Джоанна слушала с недоверчивым видом, полуоткрыв губы, не отрывая взгляда от тусклой, засиженной мухами шкалы. Значит, это все же случилось. Значит, те разговоры имели все же под собою реальное основание. Когда хозяин кабачка выключил приемник, сказав, что батареи нужно экономить и следующее слушание состоится через три часа, она протискалась к Мигелю и схватила его за руку.
— Ты что-нибудь понимаешь? — спросила она с ужасом. — Что это все значит?
— Это значит, что мы с тобой опоздали, — ответил тот хмуро. — И что твой отец хорошо знал, что делал… Идем, малыш, пообедаем. К трем мы сюда вернемся.
— Как ты можешь говорить сейчас о еде? — возмутилась Джоанна.
Глава 3
Во всем был виноват проклятый болтун Чакон: встретил тетку возле церкви и с самыми лучшими намерениями рассказал ей о том, что вот, мол, как безобразно обошелся патрон с Педрито. А у тетки насчет столкновений с патронами вообще всегда было свое мнение.
Когда Педро вернулся с митинга, проводив Аделиту, дома началось черт знает что. Тетка кричала, что он и бездельник, и хулиган, и у мессы никогда не бывает — даже стыдно перед соседками. Не хватает только, чтобы он стал коммунистом или чем-нибудь в этом роде!

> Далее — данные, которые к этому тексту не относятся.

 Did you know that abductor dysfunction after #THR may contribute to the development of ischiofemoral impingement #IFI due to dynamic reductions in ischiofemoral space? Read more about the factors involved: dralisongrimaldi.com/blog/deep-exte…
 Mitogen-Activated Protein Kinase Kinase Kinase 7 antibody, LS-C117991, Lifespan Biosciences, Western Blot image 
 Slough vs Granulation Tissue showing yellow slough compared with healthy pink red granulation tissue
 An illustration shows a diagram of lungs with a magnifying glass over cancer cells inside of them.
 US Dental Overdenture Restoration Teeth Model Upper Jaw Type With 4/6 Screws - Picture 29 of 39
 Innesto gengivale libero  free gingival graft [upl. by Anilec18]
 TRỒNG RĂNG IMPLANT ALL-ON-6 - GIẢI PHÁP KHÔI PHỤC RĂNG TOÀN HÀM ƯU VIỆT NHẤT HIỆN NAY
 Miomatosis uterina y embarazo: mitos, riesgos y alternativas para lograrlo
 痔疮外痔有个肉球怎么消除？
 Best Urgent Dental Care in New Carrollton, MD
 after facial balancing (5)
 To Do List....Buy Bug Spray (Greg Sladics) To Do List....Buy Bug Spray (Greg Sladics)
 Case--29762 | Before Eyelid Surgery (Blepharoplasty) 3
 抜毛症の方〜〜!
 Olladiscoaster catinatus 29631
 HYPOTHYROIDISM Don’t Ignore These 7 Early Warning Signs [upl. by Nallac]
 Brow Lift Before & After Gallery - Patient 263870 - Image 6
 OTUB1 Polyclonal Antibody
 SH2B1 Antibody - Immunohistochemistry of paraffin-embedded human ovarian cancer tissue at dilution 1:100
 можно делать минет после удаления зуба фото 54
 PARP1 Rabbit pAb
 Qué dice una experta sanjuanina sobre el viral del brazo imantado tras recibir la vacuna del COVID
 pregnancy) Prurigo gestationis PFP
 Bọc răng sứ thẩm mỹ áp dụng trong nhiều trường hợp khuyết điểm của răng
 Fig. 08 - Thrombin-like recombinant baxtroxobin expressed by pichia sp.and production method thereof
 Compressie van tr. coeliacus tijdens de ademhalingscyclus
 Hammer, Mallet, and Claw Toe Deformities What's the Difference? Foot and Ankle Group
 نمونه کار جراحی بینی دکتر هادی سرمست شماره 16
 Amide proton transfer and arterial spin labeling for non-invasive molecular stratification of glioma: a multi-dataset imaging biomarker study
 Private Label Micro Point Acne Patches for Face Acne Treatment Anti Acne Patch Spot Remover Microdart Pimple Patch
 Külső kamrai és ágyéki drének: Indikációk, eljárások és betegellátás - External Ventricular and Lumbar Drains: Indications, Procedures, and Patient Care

Сначала он терпел. Все-таки тетка есть тетка, и жизнь у нее действительно нелегкая. Но когда донья Люс обругала всех коммунистов, а значит и Эрнесто Корвалана в том числе, тут уже Педро обиделся всерьез. У кого куриный ум, сказал он, тому по крайней мере лучше не кудахтать о некоторых вещах. Дело, понятно, кончилось плохо.
В одиннадцатом часу вечера он вышел из дому, решив не возвращаться сюда по меньшей мере год. А когда станет на ноги, купит себе воскресный костюм (помимо голубого комбинезона) и будет уже электриком, тогда он придет сюда и помирится с теткой. И будет кормить ее и всю эту ораву, ладно уж.
Он отправился на станцию круглосуточного обслуживания, где по вечерам обычно собирались поболтать шоферы, и неожиданно увидел там Чакона.
Глава 4
Три запыленных джипа — очевидно, они прибыли в поселок ночью — стояли перед входом в ресторанчик, доверху заваленные военной поклажей. У одного из них ветровое стекло было снято, и укрепленный вместо него пулемет настороженно смотрел в небо своим тонким хоботом, словно предупреждая о возможной опасности. Водитель, не менее пыльный, чем его машина, спал, опустив голову на лежащие на рулевом колесе руки; рядом с ним пулеметчик в сдвинутой на затылок каске торопливо ел что-то с разостланной на коленях газеты, запивая завтрак из фляги. Увидев Джоанну, он подмигнул и приглашающим жестом протянул флягу, взболтнув ее в доказательство того, что еще не все выпито. Джоанна молча улыбнулась и вошла в двери.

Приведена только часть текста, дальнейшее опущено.